Darger and Sir Plus (previously seen in the short stories The Dog Said Bow-Wow, The Cat Laughed to See Such Sport and Boys and Girls, Come Out to Play) are back from their previous adventures and as erudite and scheming as ever, with perfect dialogue and actions that befit a pair of confidence tricksters in a strange, dystopian Russia. The adjoining cast of characters, though numerous, manage to hold onto their own personalities and quirks and stretch the scope of the story to to barest limit of patience. Rudnicki's performance ensures that each character has their own verbal tics and quirks, so that you immediately understand who's speaking and with what emotions. That said, the multiple plots running in concert barely manage to meet each other at the end of the story with satisfying conclusions. A lot of neat ideas, some very arresting scenes, but all with a - frankly - sputtering payoff that serves little more than to tie things off for the sake of doing so. Rushed, perhaps, is the best way to describe the ending.

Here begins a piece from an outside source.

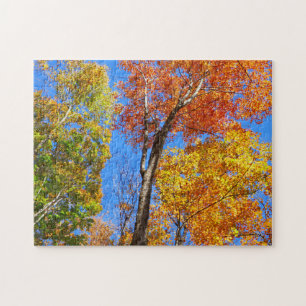 Drie tinten kleurrijke Herfst esdoorn bomen Legpuzzel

Would you be willing to try another book from Michael Swanwick? Why or why not?
Swanwick's brand of sci-fi/fantasy has long been my favorite and I will always be ready to consume his next work. When I read The Iron Dragon's Daughter many years ago, I found it the antidote to the sci-fi/fantasy market saturated with the likes of Lord of the Rings knockoffs and penny-by-the-pound Dragonlance novels, and I've been hooked on him since. Nobody does it like Swanwick.
Would you listen to another book narrated by Stefan Rudnicki?

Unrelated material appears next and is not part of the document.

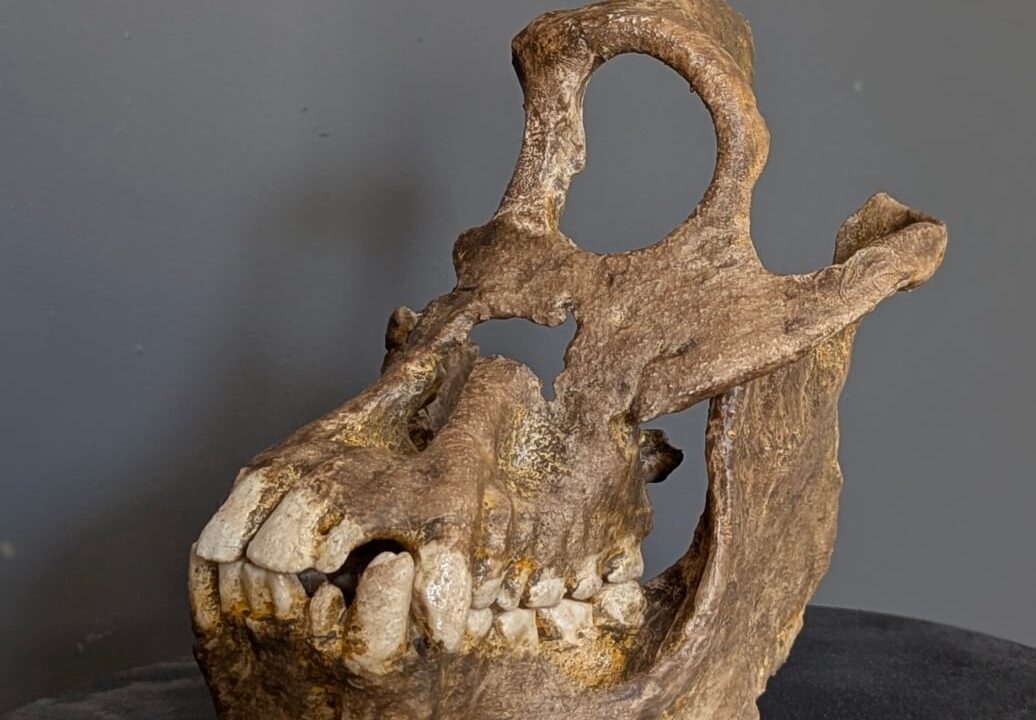 Moulage : Sivapithecus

Mr. Rudnicki is a god made flesh with a voice of rich tobacco, warm gold, and fatherly love. Has he tried singing yet?
Do you think Dancing with Bears needs a follow-up book? Why or why not?

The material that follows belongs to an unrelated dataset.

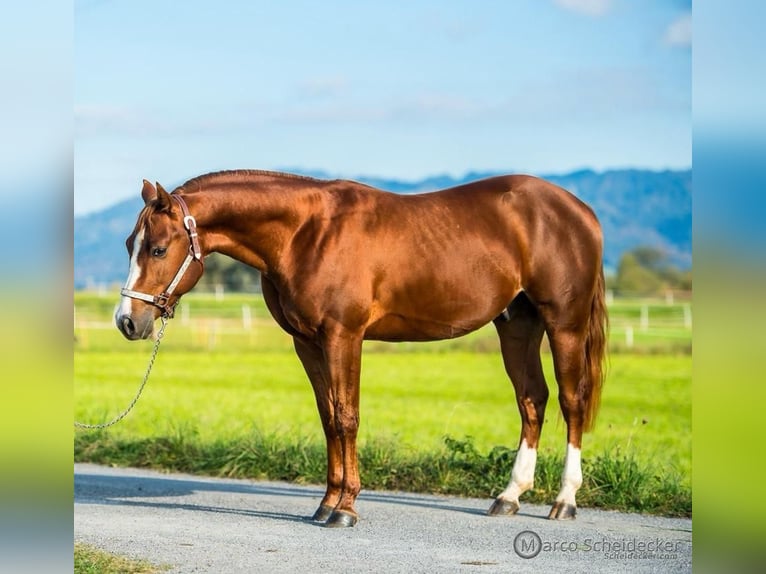 American Quarter Horse Stallion 2 years in Fu&#xDF;ach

I'll always be ready for yet another Darger and Sir Plus adventure - especially considering the target country of their next plot mentioned at the very end of the story. Hopefully, if that story is written, it will be much more focused and tight.
Any additional comments?
This is NOT the best book to get started on reading/listening to Swanwick. If you can, I recommend reading/listening to his earlier works: The Iron Dragon's Daughter, Bones of the Earth, and Jack Faust. His anthologies The Dog Said Bow-Wow and Tales of Old Earth are spectacular and great for lunch hour reading, and you'll even get in some of his Hugo winners.